Aimoni C, Ciorba A, Cerritelli L, Ceruti S, Skarżyński P H, Hatzopoulos S
Clinic of Audiology & ENT, University of Ferrara, Italy.
Clinic of Audiology & ENT, University of Ferrara, Italy.
Int J Pediatr Otorhinolaryngol. 2017 Oct;101:254-258. doi: 10.1016/j.ijporl.2017.07.042. Epub 2017 Jul 29.
Enlarged Vestibular Aqueduct (EVA) is one of the most common congenital malformations associated with sensorineural or mixed hearing loss. The association between hearing loss and EVA is described in syndromic (i.e. Pendred Syndrome, BOR, Waardenburg) and non-syndromic disorders, as isolate or familiar mutations of the SLC26A4 gene.
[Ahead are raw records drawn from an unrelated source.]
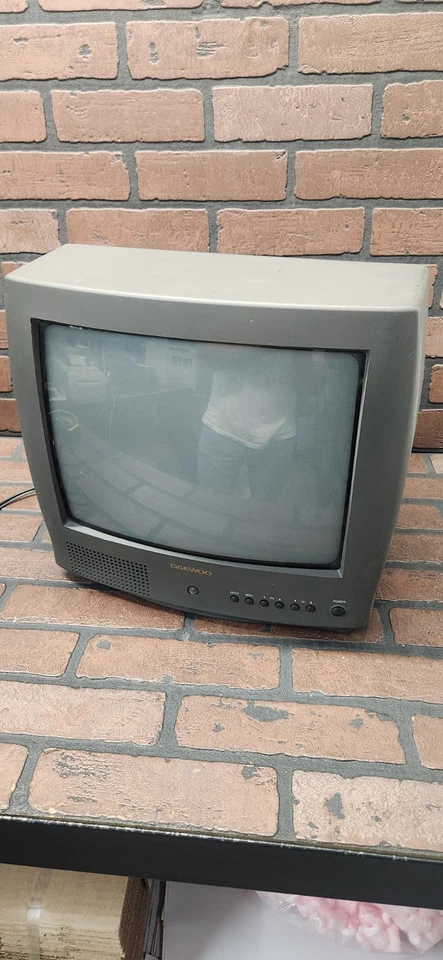 Televisor CRT Daewoo DTQ - 14P 1FC 13 pulgadas - TV de tubo retro para juegos Foto 1 de 4
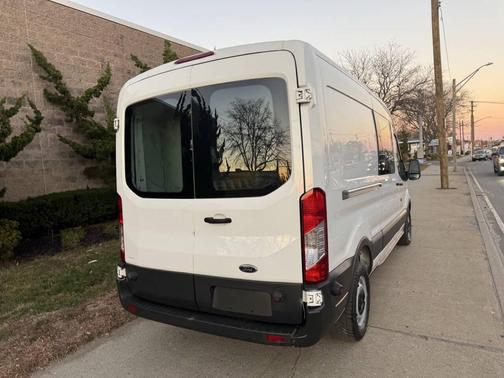 2015 Ford Transit-250 Base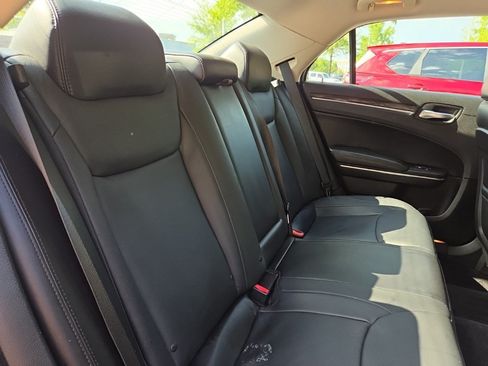 Used 2015 Chrysler 300 Limited RWD image 45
The audiological phenotype of the EVA syndrome is heterogeneous, the type and entity of hearing loss may vary and vertigo episodes might also be present.
The aim of this retrospective study was to describe the clinical and genetic features of a group of adolescent subjects presenting an EVA clinical profile, considering the presence of SLC26A4 gene mutations.
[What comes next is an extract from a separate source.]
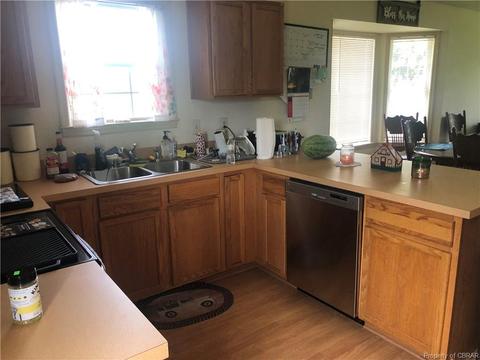 159 Stoneham St, Saluda, VA 23149 photo 12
14 Caucasian patients were assessed (24 ears in total; 4 patients presented a monolateral EVA), 10 females and 4 males. Their age at the time of diagnosis was between 1 and 6 years (mean age 2.5 years). Subjects were assessed by an ENT microscopy evaluation with a complete audiometric assessment, CT & MRI scans and genetic tests for the evaluation of the pendrin gene mutations (SLC26A4).
Considering the presence of SLC26A4 mutations and thyroid function, we could identify three sub-groups of patients: group 1, non syndromic EVA (ns EVA, no SLC26A4 mutation and no thyroid dysfunction); group 2, EVA with DFNB4 (single SLC26A4 gene mutation and no thyroid dysfunction); group 3, EVA with Pendred Syndrome (two pathological mutation of SLC26A4 and thyromegaly with thyroid dysfunction). Patients of group 1 (ns-EVA) showed various degrees of hearing loss from mild (55%) to severe-profound (45%). In groups 2 (DFNB4) and 3 (PDS), the degree of hearing loss is severe to profound in 70-75% of the cases; middle and high frequencies are mainly involved.
The phenotypic expressions associated with the EVA clinical profile are heterogeneous. From the available data, it was not possible to identify a representative audiological profile, in any of the three sub-groups. The data suggest that: (i) a later onset of hearing loss is usually related to EVA, in absence of SLC26A4 gene mutations; and (ii) hearing loss is more severe in patients with SLC26A4 gene mutations (groups 2 and 3 of this study).
扩大的前庭导水管(EVA)是与感音神经性或混合性听力损失相关的最常见先天性畸形之一。听力损失与EVA之间的关联在综合征性疾病(如 Pendred 综合征、BOR、Waardenburg 综合征)和非综合征性疾病中均有描述,表现为 SLC26A4 基因的孤立或家族性突变。EVA 综合征的听力学表型具有异质性,听力损失的类型和程度可能不同,也可能出现眩晕发作。
本回顾性研究的目的是描述一组具有 EVA 临床特征的青少年受试者的临床和遗传特征,并考虑 SLC26A4 基因突变的存在情况。
评估了 14 名白种人患者(共 24 只耳;4 例为单侧 EVA),其中 10 名女性和 4 名男性。他们诊断时的年龄在 1 至 6 岁之间(平均年龄 2.5 岁)。通过耳鼻喉显微镜检查、全面的听力测定评估、CT 和 MRI 扫描以及用于评估 Pendrin 基因突变(SLC26A4)的基因检测对受试者进行评估。
考虑到 SLC26A4 突变的存在和甲状腺功能,我们可以将患者分为三个亚组:第 1 组,非综合征性 EVA(ns EVA,无 SLC26A4 突变且无甲状腺功能障碍);第 2 组,伴有 DFNB4 的 EVA(单个 SLC26A4 基因突变且无甲状腺功能障碍);第 3 组,伴有 Pendred 综合征的 EVA(SLC26A4 的两个病理性突变以及甲状腺肿大伴甲状腺功能障碍)。第 1 组(ns-EVA)患者表现出不同程度的听力损失,从轻度(55%)到重度至极重度(45%)。在第 2 组(DFNB4)和第 3 组(PDS)中,70-75%的病例听力损失程度为重度至极重度;主要累及中高频。
与 EVA 临床特征相关的表型表达具有异质性。根据现有数据,在这三个亚组中的任何一组中都无法确定具有代表性的听力学特征。数据表明:(i)在没有 SLC26A4 基因突变的情况下,听力损失较晚出现通常与 EVA 有关;(ii)SLC26A4 基因突变的患者(本研究的第 2 组和第 3 组)听力损失更严重。